[Gluster-devel] Notes on "brick multiplexing" in 4.0

Wed Jun 17 12:14:42 UTC 2015

> One more question. I keep hearing about QoS for volumes as a feature.
> How will we guarantee service quality for all the bricks from a single
> server? Even if we weren't doing QoS, we make sure that operations on
> brick doesn't DOS the others. We already keep hearing from users about
> self-healing causing problems for the clients. Self-healing, rebalance
> running simultaneously on multiple volumes in a multiplexed bricks
> environment would most likely be disastrous.

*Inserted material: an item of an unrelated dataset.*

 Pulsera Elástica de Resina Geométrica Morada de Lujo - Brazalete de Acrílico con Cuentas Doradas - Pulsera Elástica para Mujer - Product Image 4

Self-heal or rebalance running simultaneously on multiple volumes in a
*non*-multiplexed environment can be disastrous too.  It's the same I/O
load on the same machines, plus more context switches.  We could try to
use cgroups, if we don't mind giving up portability, but that would only
give us a very coarse level of control.  Within one process, we can
re-evaluate request and I/O queue lengths, thread states, memory usage,
and so on for every single request.  That finer level of control avoids
the risk of sacrificing utilization to ensure QoS.  If anything, the QoS
argument leads toward having just one glusterfsd process per server.  It
doesn't entirely solve the problem, since we still need to deal with
issues across servers, but it helps.